=== Data for processing ===
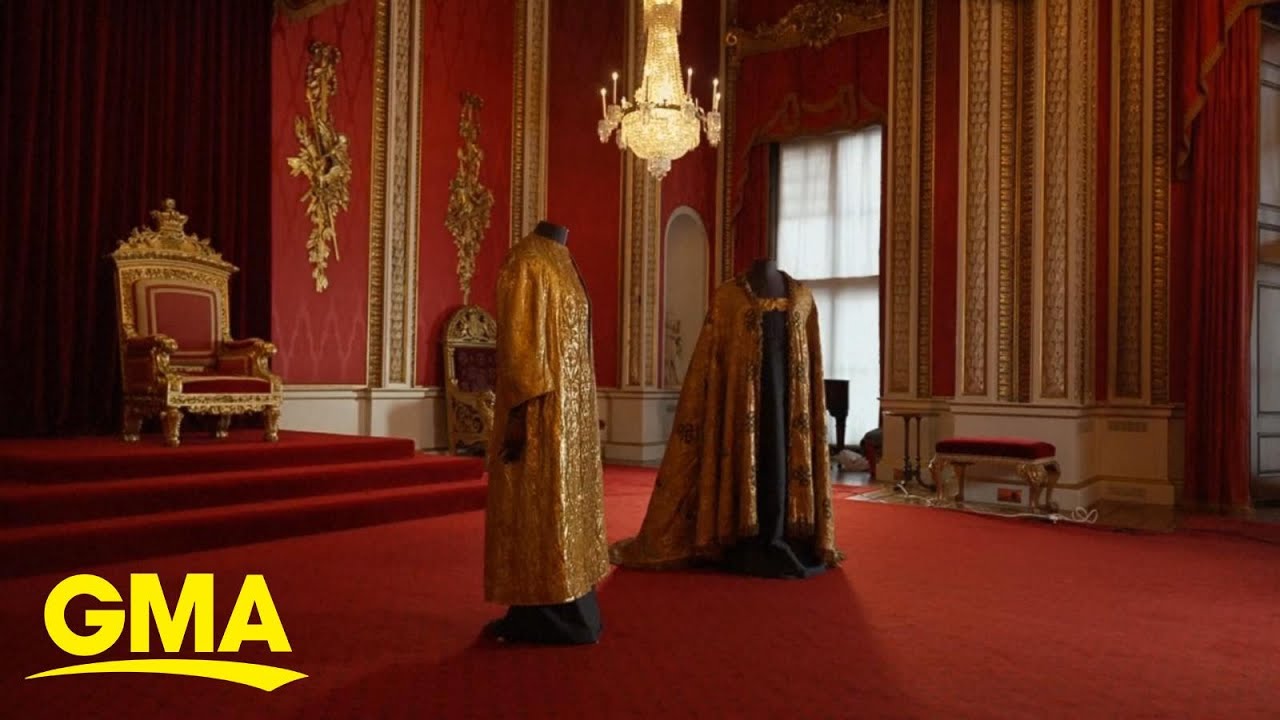 A first look at the coronation robes | GMA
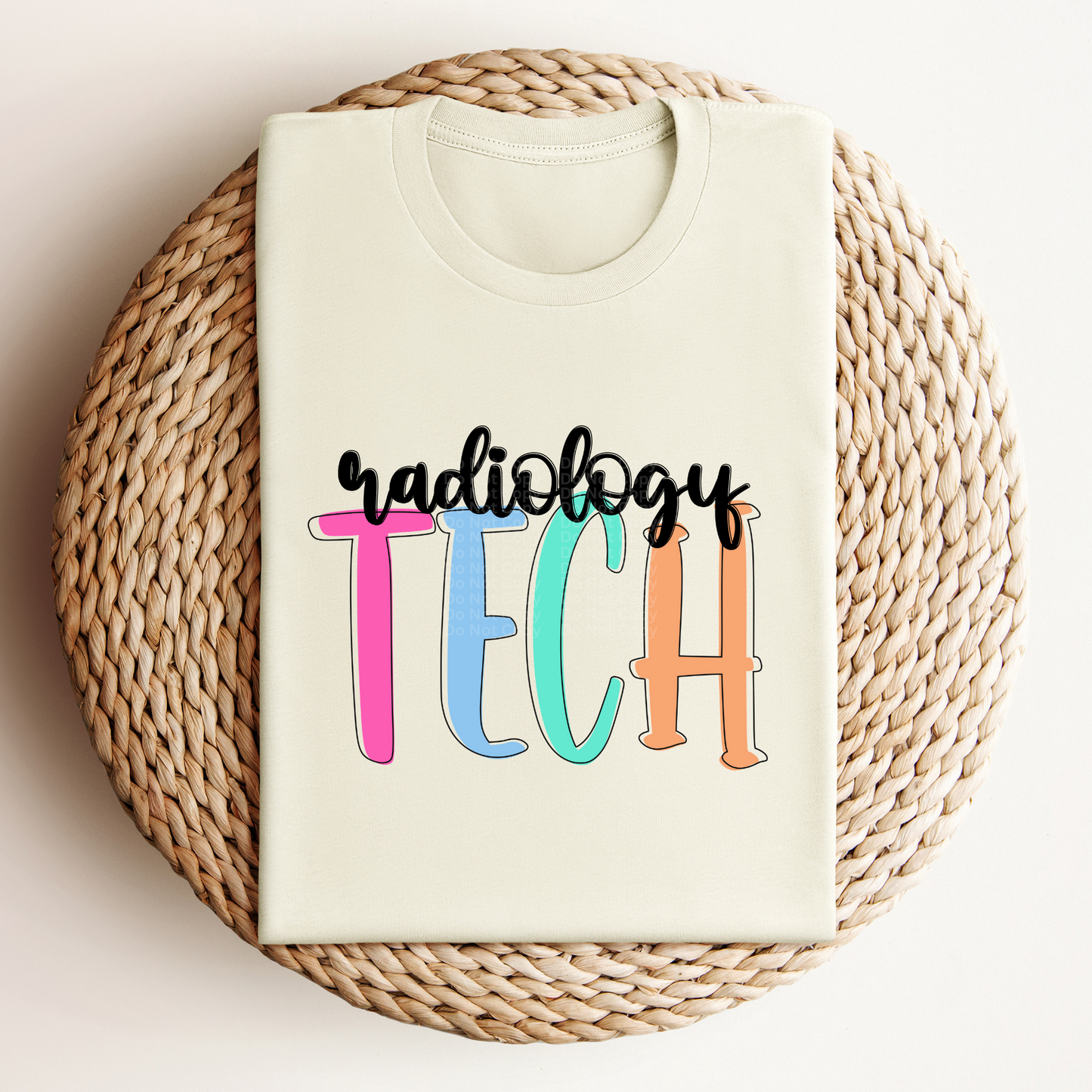 Radiology Tech - Colored Names/Occupations DTF Transfer
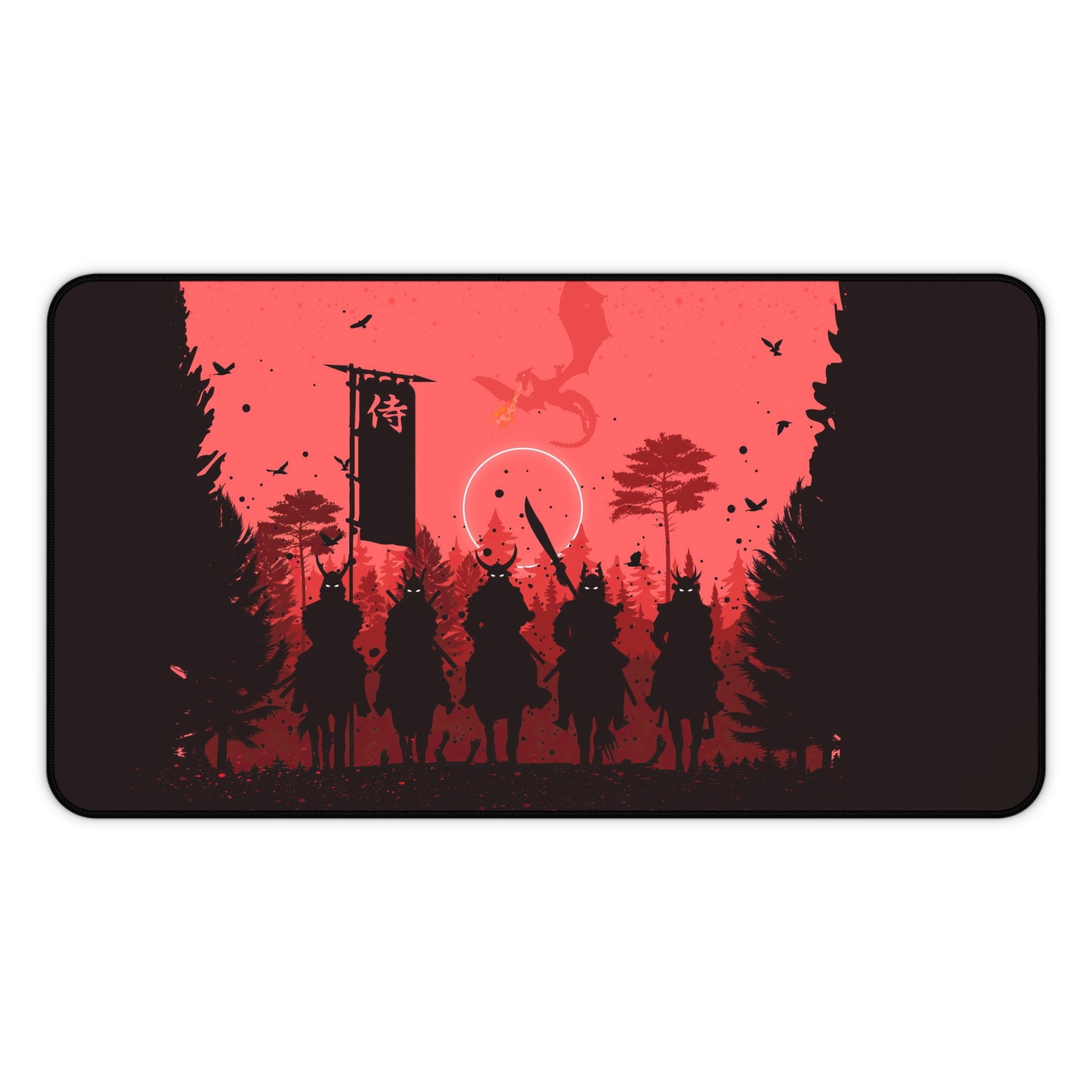 fantasy-samurai-warrior-mouse-pad-japanese-katana-shogun-samurai-warrior-desk-mat-japanese-anime-samurai-desk-pad-viper-art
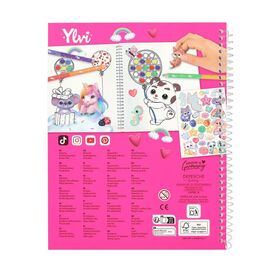 Ylvi - Pop & Paint colouring book (0413755) / Toys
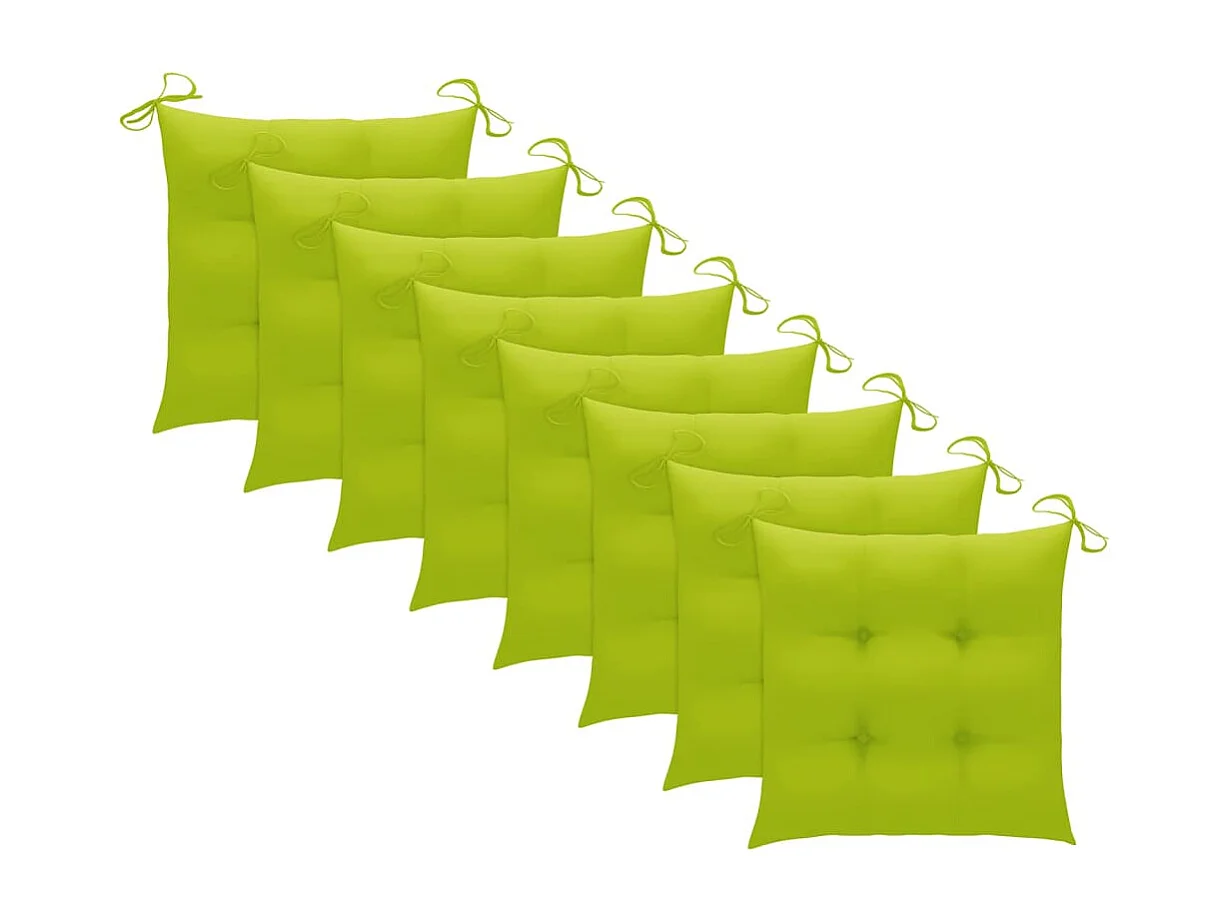 Chaises pliables de jardin 8 pcs avec coussins Bois d'acacia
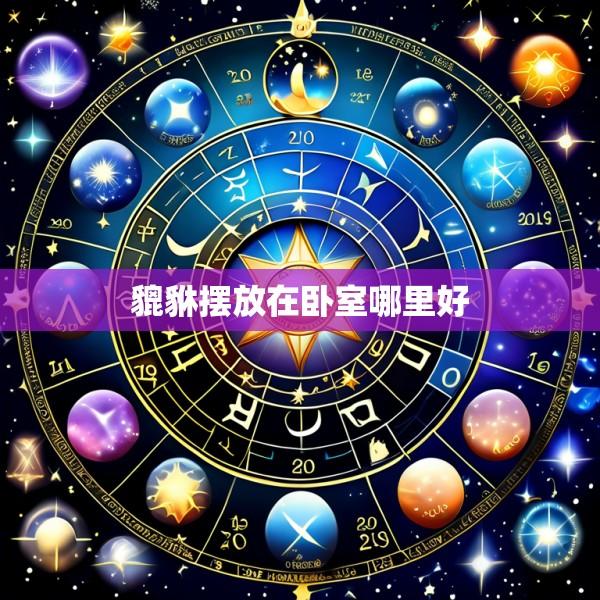 貔貅摆放在卧室哪里好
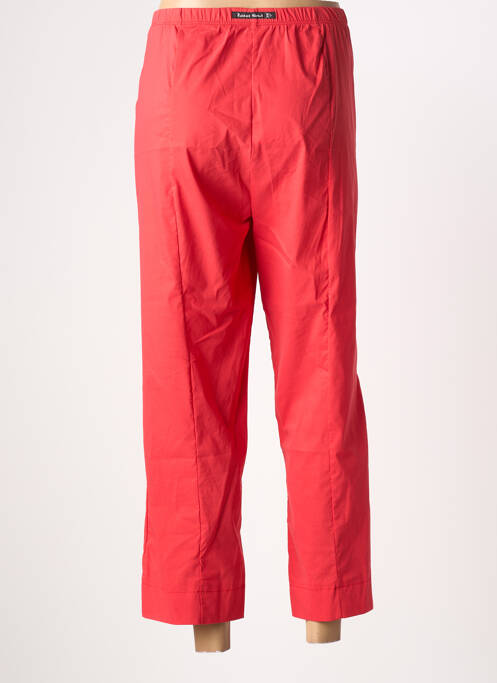Pantalon 7/8 talie elastică roșu POISSONS BLANCS femme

=== Activity ===
Could you write all the entries out again exactly, but without their pictures?

=== Written solution ===
 A first look at the coronation robes | GMA
 Radiology Tech - Colored Names/Occupations DTF Transfer
 fantasy-samurai-warrior-mouse-pad-japanese-katana-shogun-samurai-warrior-desk-mat-japanese-anime-samurai-desk-pad-viper-art
 Ylvi - Pop & Paint colouring book (0413755) / Toys
 Chaises pliables de jardin 8 pcs avec coussins Bois d'acacia
 貔貅摆放在卧室哪里好
Pantalon 7/8 talie elastică roșu POISSONS BLANCS femme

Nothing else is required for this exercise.